The aim of this project was to leverage data analytics techniques to determine the best playing 11 for a given cricket tournament, specifically the ICC Cricket World Cup 2022. The project involved web scraping data from the ESPN Cricinfo website, transforming the data using Python and Pandas, and creating interactive dashboards using Power BI for insightful visual representation.
Web Scraping Data from ESPN Cricinfo:
Utilized the third-party web scraper "Bright Data" to effectively gather information from the ESPN Cricinfo website, including match data, results, player batting data, and bowling data.
The scraped data was stored in the form of JSON for further processing.
Data Transformation and Conversion:
Leveraged Python and Pandas to transform the JSON data into CSV format.
Ensured the data was in a suitable format to be directly used in Power BI, simplifying the process of joining tables.
Power BI Dashboard Creation:
Utilized Power Query in Power BI to further transform and clean the data for analysis.

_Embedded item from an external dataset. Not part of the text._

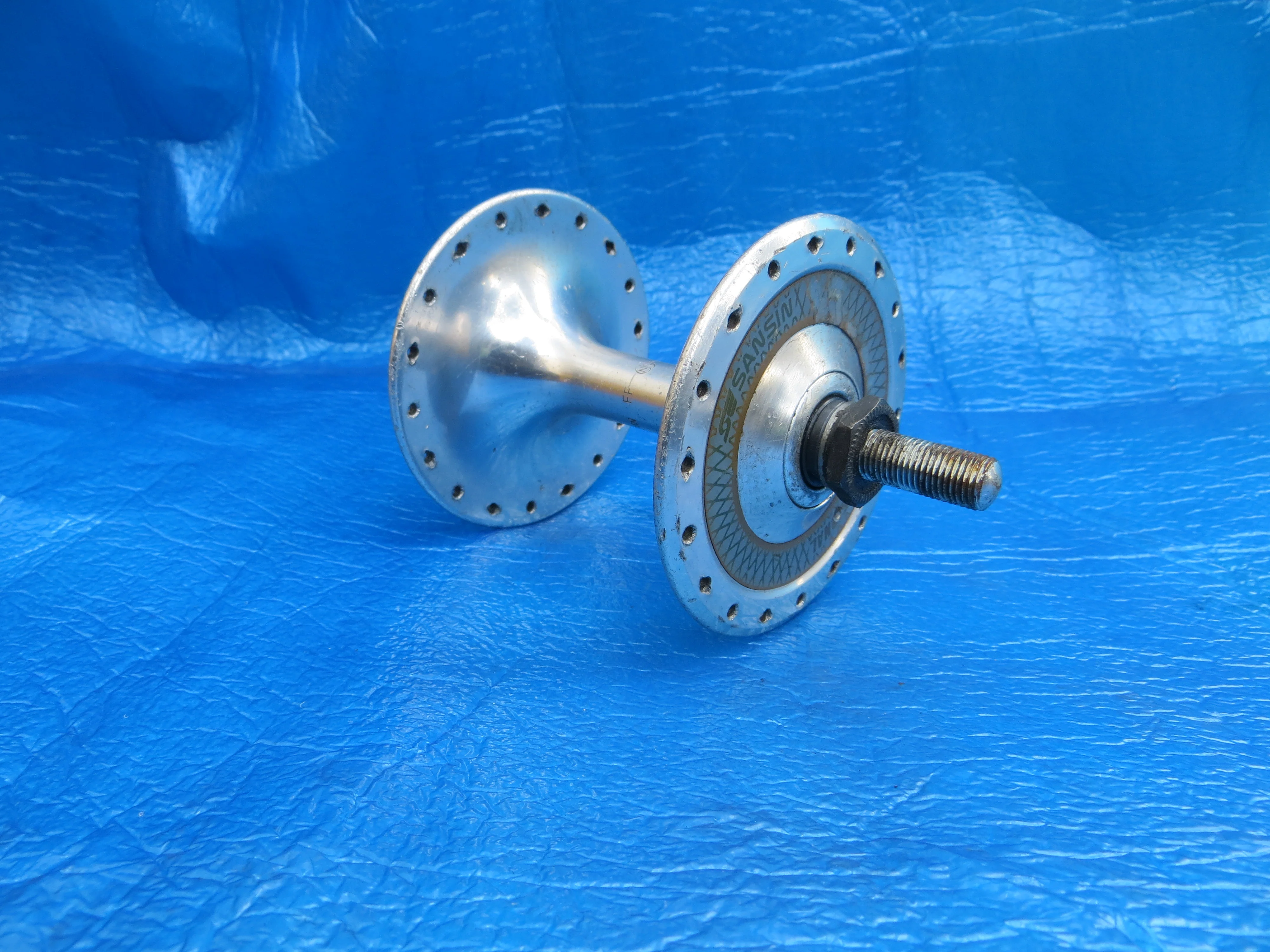Sansin Professional 36H  Front Hub NJS 8mm (24021407) - Image 4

Created dynamic dashboards with interactive charts and visualizations, presenting measures for various aspects, such as power hitters, middle-order batsmen, and bowlers.
These dashboards provided valuable insights into player performance, team strengths, and areas of improvement.

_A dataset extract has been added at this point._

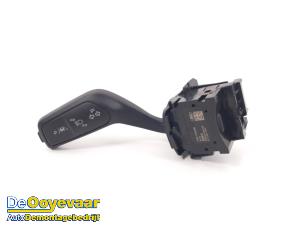 Używane Przelacznik kierunkowskazu Ford Focus 4 Wagon 1.5 EcoBlue 120 Cena € 9,99 Procedura marży oferowane przez Autodemontagebedrijf De Ooyevaar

Forming the Best Playing 11:
Applied data-driven analysis and decision-making techniques to form the best playing 11 based on the requirements and insights obtained from the dashboard.
The combined playing 11 was determined to optimize team performance and increase the chances of success in the ICC Cricket World Cup 2022.
Technologies Used:
Web Scraping: Bright Data (Third-party Web Scraper)
Programming Language: Python
Data Manipulation: Pandas
Data Visualization: Power BI
Outcomes:
The project's dynamic and informative dashboards provided actionable insights for cricket team management, coaches, and enthusiasts to strategize and select the best playing 11 for the ICC Cricket World Cup 2022.